イケアはいわゆるファブレス企業で、他社の生産ラインを使って商品を仕入れる。その商品もコストの安い国を徹底活用している。これがイケアにとって最も重要な経営戦略のひとつでもあった。

イケアのコンセプトには「イケアと顧客が力を合わせることで、お金を節約できる」という考えがあります。イケアはデザインや大量仕入れを行い、顧客はセルフサービスによる運搬や組み立てを行うという分業を徹底し、コスト削減が実現できます。

 また、組み立て説明書は文字に頼らない簡素なスケッチで描かれた独特のデザインをしていますが、シンプルさを好むイケアと顧客の関係性を良く表しています。さらに、セルフサービスはさらなるコスト削減を可能にします。
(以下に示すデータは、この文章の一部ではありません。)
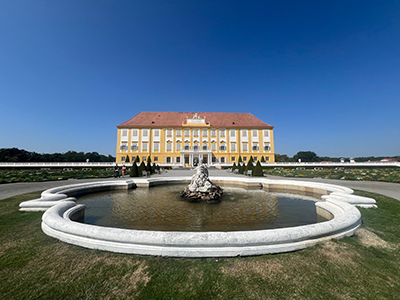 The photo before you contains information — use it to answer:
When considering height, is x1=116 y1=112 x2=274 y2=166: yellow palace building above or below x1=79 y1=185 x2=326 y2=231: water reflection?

商品陳列や顧客対応が少ないため人件費が削減できる、フラットパックの採用により物流効率を削減できる、といった利点があります。

 また、イケアは自社工場を持たない、いわゆる「ファブレス企業」の形態をとっています。製品開発においては、顧客と商品供給業者の距離を縮め、コスト削減を図っています。イケアは徹底的に市場調査を行い、顧客が求めるデザインや価格を調べます。供給業者にはコストの積み上げではなく、目標とする価格に収まるよう発注を行います。世界中で同じ製品を取り扱っているため、大量発注が可能となり、調達価格の抑制をすることができます。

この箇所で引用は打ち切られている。